A world of holidays
By Amy Lavalley Post-Tribune correspondent December 18, 2012 12:46PM
Amelia Boo, dressed as Santa Lucia, offers food and drink to Papa, played by Henry Studebaker, during “God Jul at the Chellberg Farm,” a celebration of a Swedish Christmas, Dec. 8, 2012. | Michael Gard~For Sun-Times Media
AT A GLANCE
For more information about the Indiana Dunes National Lakeshore, go to www.nps.gov/indu/index.htm.
Updated: January 20, 2013 6:07AM
Visitors to the Indiana Dunes National Lakeshore stepped back in time and experienced holiday traditions celebrated by some of the region’s settlers during the annual “Holiday Traditions In the Dunes” program.
Chellberg Farm featured Swedish practices, including the legend of Santa Lucia, while Bailly Homestead presented information on French fur traders and period music. Both included displays of traditional foods.
The Nordic Kids also performed Scandinavian dances at the Indiana Dunes Visitor Center. The Douglas Center, in Gary’s Miller neighborhood, offered crafts for greeting cards, ornaments and wrapping paper.

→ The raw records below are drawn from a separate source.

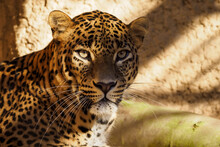 Ceylon Leopard Portrait Relaxes In Captivity.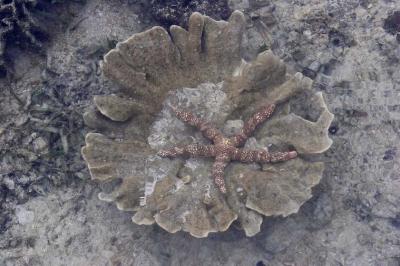 Plate Coral with a Star Fish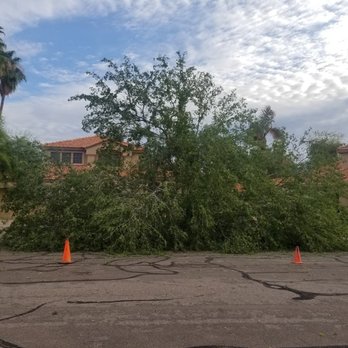 Chips Tree & Landscape - Tree Services Near Me - Glendale, Arizona Chips Tree & Landscape - Tree Services Near Me - Glendale, Arizona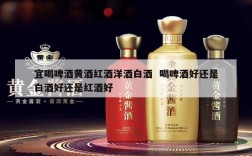 宜喝啤酒黄酒红酒洋酒白酒  喝啤酒好还是白酒好还是红酒好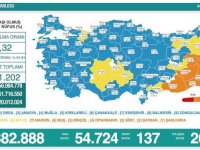 Türkiye'de son 24 saatte Kovid-19 vaka sayısı 50 bini aştı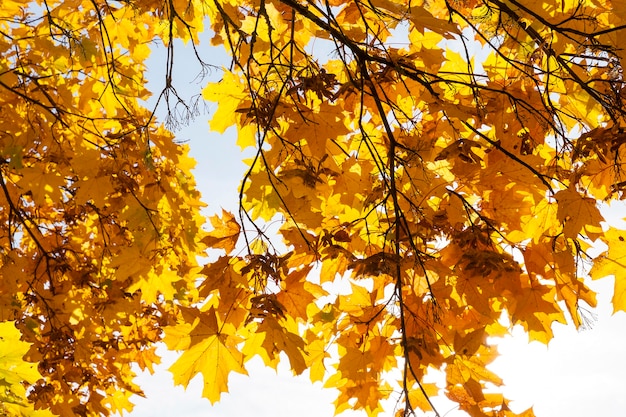 Árboles con hojas de arce amarillentas en el otoño del año, contra un cielo azul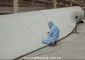 Windmill Blade Leading Edge 1 Protective Coating Guide Formulation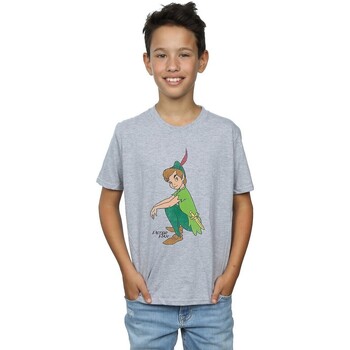 textil Niño Camisetas manga corta Peter Pan Classic Gris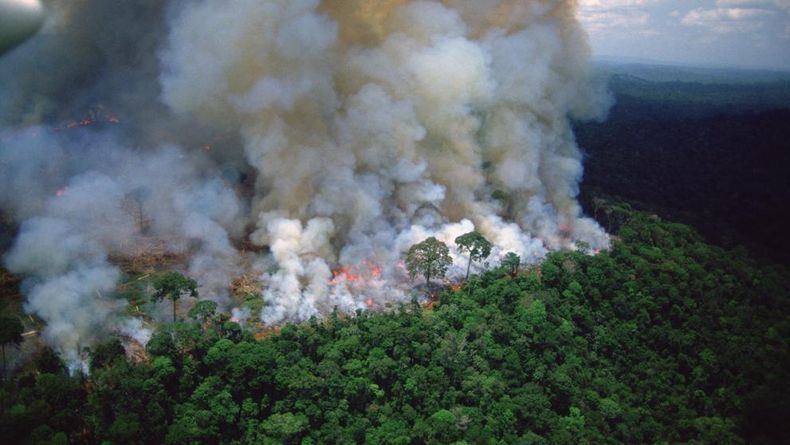 amazonia.jpg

Though her fingers suffered in the cold of the unheated Bailly Homestead, Jullietta Raby, a park volunteer for almost 20 years and member of the Save the Tunes Council, played the fiddle and the octave mandolin for the program. She enjoyed playing period music for those who wandered through the homestead to learn more about the region’s history.
“I just like to keep things unplugged,” said Raby, of Chesterton.
Although Richie Muniz practically grew up hiking at the park, he’d never been inside the homestead until the festival. He went to the event with his fiancé, Amy Mote, and her parents.
Muniz, of Valparaiso, said there’s a kind of romanticism associated with the Bailly home.
“I love this place,” he said, once he finally got inside. “I’ve been peeking through the windows and dreaming.”
Although Ellen Friesenhahn camps at the national park a couple times during summer, she and her husband had never ventured to the park from their home in Chicago for other programs.
Snacking on a slice of Yule log cake, which Friesenhahn said was “really good,” she was surprised by the offseason program.
“I didn’t know so much stuff was going on,” she said, adding she also liked learning about the different cultural traditions.